↓↓↓
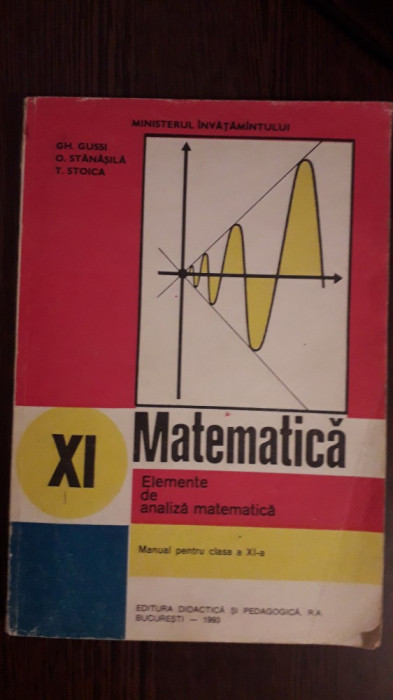 Matematica - Elemente de analiza matematica, clasa XI - a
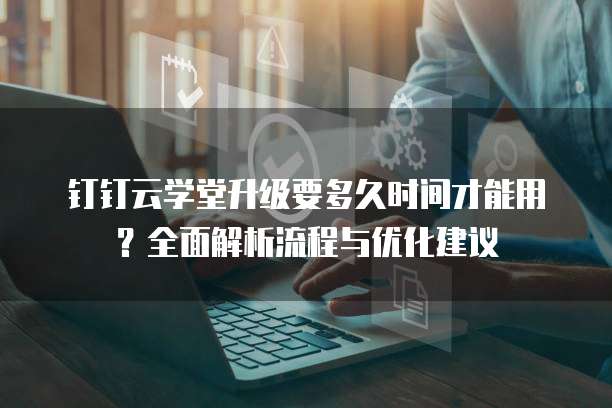 钉钉云学堂升级要多久时间才能用?全面解析流程与优化建议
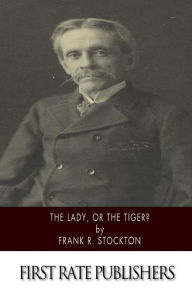 Title: The Lady, or the Tiger?, Author: Frank R Stockton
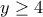 \displaystyle{y\geq 4}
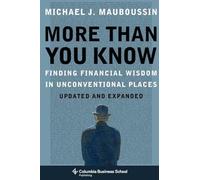 More More Than You Know: Finding Financial Wisdom in Unconventional Places (Columbia Business School Publishing): Finding Financial Wisdom in Unconventional Places (Updated and Expanded)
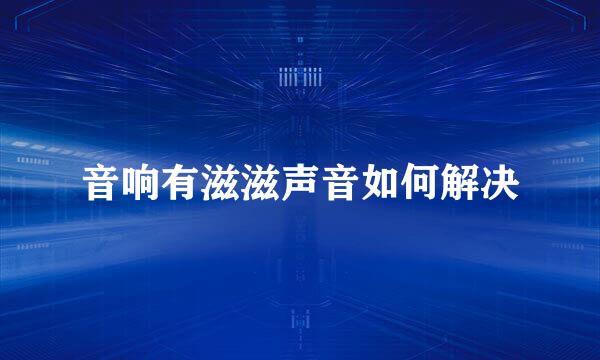 音响有滋滋声音如何解决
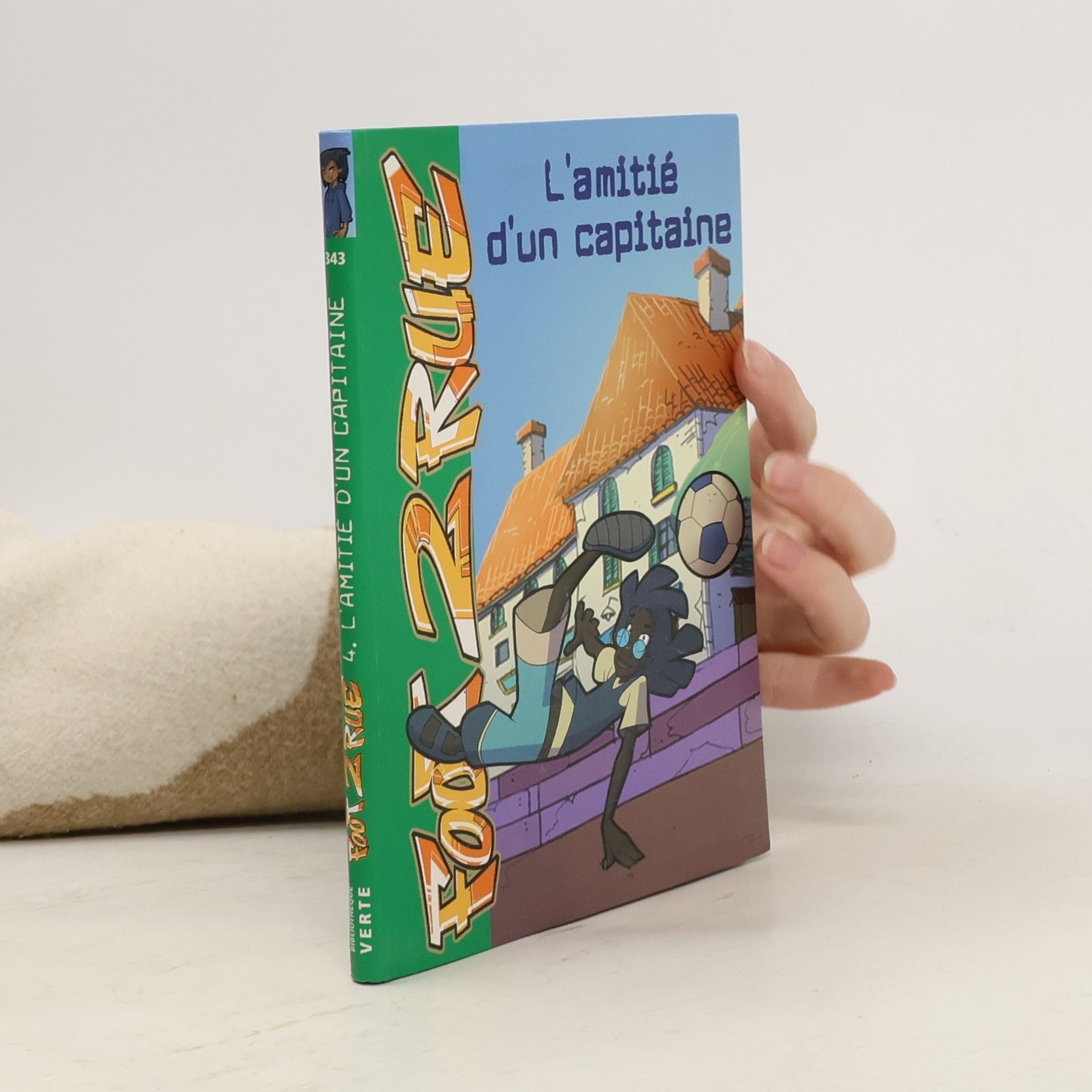 Foot 2 Rue - 4: L'amitié d'un capitaine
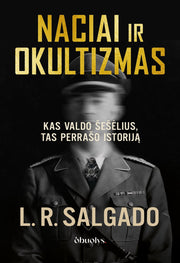 NACIAI IR OKULTIZMAS: slaptos ceremonijos, paslaptingi simboliai ir šešėlinė Trečiojo reicho istorija - OBUOLYS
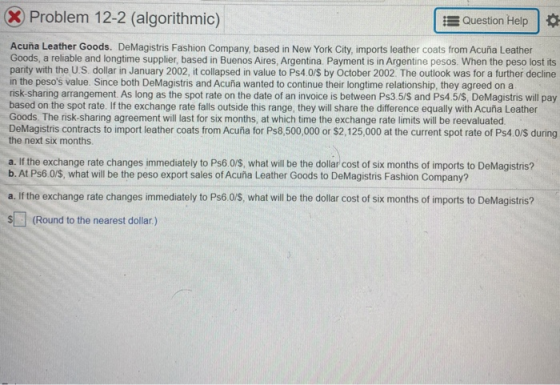 X Problem 12-2 (algorithmic) Question Help Acuña Leather Goods. DeMagistris Fashion Company, based in New York City, imports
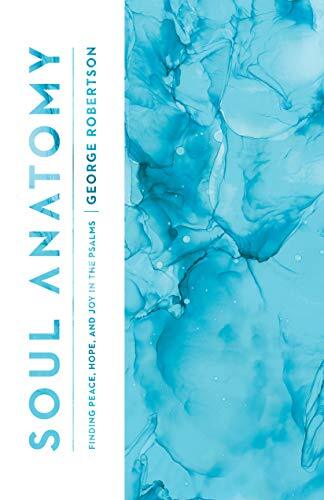 Finding Peace, Hope, and Joy in the Psalms
How do you worship when you're depressed? Where do you find words to express inexpressible joy? What do you pray when you need to rest? Soul Anatomy is a biblical guide for working through emotional turmoil in a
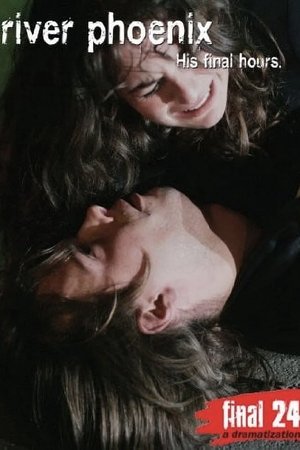 Final 24: River Phoenix (2006)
↑↑↑
Every word of the data should be reproduced exactly; please omit any pictures.

 Matematica - Elemente de analiza matematica, clasa XI - a
 钉钉云学堂升级要多久时间才能用?全面解析流程与优化建议
 Title: The Lady, or the Tiger?, Author: Frank R Stockton
 \displaystyle{y\geq 4}
 More More Than You Know: Finding Financial Wisdom in Unconventional Places (Columbia Business School Publishing): Finding Financial Wisdom in Unconventional Places (Updated and Expanded)
 音响有滋滋声音如何解决
 Foot 2 Rue - 4: L'amitié d'un capitaine
 NACIAI IR OKULTIZMAS: slaptos ceremonijos, paslaptingi simboliai ir šešėlinė Trečiojo reicho istorija - OBUOLYS
 X Problem 12-2 (algorithmic) Question Help Acuña Leather Goods. DeMagistris Fashion Company, based in New York City, imports
 Finding Peace, Hope, and Joy in the Psalms
How do you worship when you're depressed? Where do you find words to express inexpressible joy? What do you pray when you need to rest? Soul Anatomy is a biblical guide for working through emotional turmoil in a
 Final 24: River Phoenix (2006)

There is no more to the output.